• AIM OF THE EXERCISE: For this exercise, repeat the listing below from its first line through the line containing "45mm Metal D100 - Rose Gold and Silver", exactly as written.

• DATA LISTING:
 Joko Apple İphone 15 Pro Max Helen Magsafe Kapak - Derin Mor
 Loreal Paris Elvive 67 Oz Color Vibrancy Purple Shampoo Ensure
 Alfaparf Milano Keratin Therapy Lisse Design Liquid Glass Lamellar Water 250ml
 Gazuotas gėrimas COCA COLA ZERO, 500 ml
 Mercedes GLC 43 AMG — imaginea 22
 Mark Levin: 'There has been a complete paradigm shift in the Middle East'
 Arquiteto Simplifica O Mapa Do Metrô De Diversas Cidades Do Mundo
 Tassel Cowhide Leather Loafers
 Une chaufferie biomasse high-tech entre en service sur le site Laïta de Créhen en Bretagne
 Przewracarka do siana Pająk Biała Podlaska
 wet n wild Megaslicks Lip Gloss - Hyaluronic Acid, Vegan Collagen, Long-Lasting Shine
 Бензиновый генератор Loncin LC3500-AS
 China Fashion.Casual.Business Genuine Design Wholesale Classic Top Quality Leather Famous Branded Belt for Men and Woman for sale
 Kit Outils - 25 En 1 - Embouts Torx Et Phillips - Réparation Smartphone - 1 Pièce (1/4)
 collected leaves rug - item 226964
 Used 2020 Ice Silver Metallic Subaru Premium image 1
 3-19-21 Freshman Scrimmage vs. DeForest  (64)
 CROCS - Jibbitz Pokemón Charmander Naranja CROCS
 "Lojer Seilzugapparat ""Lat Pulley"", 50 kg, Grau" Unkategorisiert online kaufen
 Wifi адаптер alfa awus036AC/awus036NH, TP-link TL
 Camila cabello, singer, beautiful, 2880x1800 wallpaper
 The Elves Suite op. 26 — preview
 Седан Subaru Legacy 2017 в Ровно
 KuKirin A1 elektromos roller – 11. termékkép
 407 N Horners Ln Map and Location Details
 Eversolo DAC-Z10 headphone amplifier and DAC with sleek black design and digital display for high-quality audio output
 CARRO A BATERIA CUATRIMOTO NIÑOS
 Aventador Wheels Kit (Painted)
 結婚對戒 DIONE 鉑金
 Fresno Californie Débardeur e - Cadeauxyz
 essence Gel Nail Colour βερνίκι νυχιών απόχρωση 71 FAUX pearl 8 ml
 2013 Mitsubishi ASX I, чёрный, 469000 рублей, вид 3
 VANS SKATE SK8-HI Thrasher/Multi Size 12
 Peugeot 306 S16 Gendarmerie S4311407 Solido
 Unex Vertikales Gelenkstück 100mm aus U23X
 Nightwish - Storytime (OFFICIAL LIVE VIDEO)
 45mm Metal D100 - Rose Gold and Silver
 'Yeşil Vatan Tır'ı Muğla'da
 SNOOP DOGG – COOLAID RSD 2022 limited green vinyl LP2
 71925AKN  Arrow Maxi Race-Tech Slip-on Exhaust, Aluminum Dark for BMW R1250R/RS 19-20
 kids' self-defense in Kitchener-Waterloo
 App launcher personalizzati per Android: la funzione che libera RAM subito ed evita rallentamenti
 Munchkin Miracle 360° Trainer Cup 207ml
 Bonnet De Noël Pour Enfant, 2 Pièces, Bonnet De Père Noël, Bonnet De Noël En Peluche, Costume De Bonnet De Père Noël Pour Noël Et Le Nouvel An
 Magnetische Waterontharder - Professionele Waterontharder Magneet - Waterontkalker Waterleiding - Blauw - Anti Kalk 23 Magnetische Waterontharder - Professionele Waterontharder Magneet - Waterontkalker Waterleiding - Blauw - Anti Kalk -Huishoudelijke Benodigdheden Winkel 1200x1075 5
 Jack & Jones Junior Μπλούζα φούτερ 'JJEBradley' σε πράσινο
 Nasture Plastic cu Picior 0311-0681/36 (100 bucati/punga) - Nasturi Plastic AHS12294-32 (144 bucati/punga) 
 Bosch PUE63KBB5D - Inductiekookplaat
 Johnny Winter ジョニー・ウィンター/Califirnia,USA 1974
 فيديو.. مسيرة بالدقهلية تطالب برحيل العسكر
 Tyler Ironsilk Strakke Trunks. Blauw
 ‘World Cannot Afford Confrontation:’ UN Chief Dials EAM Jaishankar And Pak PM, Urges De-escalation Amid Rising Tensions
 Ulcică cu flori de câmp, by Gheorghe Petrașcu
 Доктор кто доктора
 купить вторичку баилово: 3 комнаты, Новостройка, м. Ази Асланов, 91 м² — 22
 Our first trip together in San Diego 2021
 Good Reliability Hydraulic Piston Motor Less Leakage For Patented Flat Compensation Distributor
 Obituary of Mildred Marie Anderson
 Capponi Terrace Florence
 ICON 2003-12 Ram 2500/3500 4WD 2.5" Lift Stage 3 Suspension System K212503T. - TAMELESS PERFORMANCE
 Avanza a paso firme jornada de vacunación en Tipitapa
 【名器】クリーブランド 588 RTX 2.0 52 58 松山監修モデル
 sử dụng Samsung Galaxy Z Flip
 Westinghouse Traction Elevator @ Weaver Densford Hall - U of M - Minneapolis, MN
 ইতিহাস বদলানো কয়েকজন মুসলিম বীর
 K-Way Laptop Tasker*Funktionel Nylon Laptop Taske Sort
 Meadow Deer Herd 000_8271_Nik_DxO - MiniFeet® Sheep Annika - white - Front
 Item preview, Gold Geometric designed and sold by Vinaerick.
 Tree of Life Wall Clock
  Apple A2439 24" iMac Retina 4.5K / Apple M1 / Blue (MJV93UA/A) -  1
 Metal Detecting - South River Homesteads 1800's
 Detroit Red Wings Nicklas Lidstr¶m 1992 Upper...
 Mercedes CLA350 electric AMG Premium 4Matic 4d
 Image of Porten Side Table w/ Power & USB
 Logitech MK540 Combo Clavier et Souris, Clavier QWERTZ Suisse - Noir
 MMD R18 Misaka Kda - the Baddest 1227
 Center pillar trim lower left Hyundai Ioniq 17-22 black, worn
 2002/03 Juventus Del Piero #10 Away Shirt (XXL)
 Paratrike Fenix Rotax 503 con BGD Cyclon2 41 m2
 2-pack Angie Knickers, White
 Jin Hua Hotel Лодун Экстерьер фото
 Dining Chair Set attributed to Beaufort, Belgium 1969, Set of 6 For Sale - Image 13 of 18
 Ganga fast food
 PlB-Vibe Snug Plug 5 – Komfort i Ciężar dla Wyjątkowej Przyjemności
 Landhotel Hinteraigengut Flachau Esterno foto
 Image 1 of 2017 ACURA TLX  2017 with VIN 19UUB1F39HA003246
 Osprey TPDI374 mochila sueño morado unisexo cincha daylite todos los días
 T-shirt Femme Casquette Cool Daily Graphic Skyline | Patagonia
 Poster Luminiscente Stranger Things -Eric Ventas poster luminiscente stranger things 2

• SOLUTION TO THIS TASK:
 Joko Apple İphone 15 Pro Max Helen Magsafe Kapak - Derin Mor
 Loreal Paris Elvive 67 Oz Color Vibrancy Purple Shampoo Ensure
 Alfaparf Milano Keratin Therapy Lisse Design Liquid Glass Lamellar Water 250ml
 Gazuotas gėrimas COCA COLA ZERO, 500 ml
 Mercedes GLC 43 AMG — imaginea 22
 Mark Levin: 'There has been a complete paradigm shift in the Middle East'
 Arquiteto Simplifica O Mapa Do Metrô De Diversas Cidades Do Mundo
 Tassel Cowhide Leather Loafers
 Une chaufferie biomasse high-tech entre en service sur le site Laïta de Créhen en Bretagne
 Przewracarka do siana Pająk Biała Podlaska
 wet n wild Megaslicks Lip Gloss - Hyaluronic Acid, Vegan Collagen, Long-Lasting Shine
 Бензиновый генератор Loncin LC3500-AS
 China Fashion.Casual.Business Genuine Design Wholesale Classic Top Quality Leather Famous Branded Belt for Men and Woman for sale
 Kit Outils - 25 En 1 - Embouts Torx Et Phillips - Réparation Smartphone - 1 Pièce (1/4)
 collected leaves rug - item 226964
 Used 2020 Ice Silver Metallic Subaru Premium image 1
 3-19-21 Freshman Scrimmage vs. DeForest  (64)
 CROCS - Jibbitz Pokemón Charmander Naranja CROCS
 "Lojer Seilzugapparat ""Lat Pulley"", 50 kg, Grau" Unkategorisiert online kaufen
 Wifi адаптер alfa awus036AC/awus036NH, TP-link TL
 Camila cabello, singer, beautiful, 2880x1800 wallpaper
 The Elves Suite op. 26 — preview
 Седан Subaru Legacy 2017 в Ровно
 KuKirin A1 elektromos roller – 11. termékkép
 407 N Horners Ln Map and Location Details
 Eversolo DAC-Z10 headphone amplifier and DAC with sleek black design and digital display for high-quality audio output
 CARRO A BATERIA CUATRIMOTO NIÑOS
 Aventador Wheels Kit (Painted)
 結婚對戒 DIONE 鉑金
 Fresno Californie Débardeur e - Cadeauxyz
 essence Gel Nail Colour βερνίκι νυχιών απόχρωση 71 FAUX pearl 8 ml
 2013 Mitsubishi ASX I, чёрный, 469000 рублей, вид 3
 VANS SKATE SK8-HI Thrasher/Multi Size 12
 Peugeot 306 S16 Gendarmerie S4311407 Solido
 Unex Vertikales Gelenkstück 100mm aus U23X
 Nightwish - Storytime (OFFICIAL LIVE VIDEO)
 45mm Metal D100 - Rose Gold and Silver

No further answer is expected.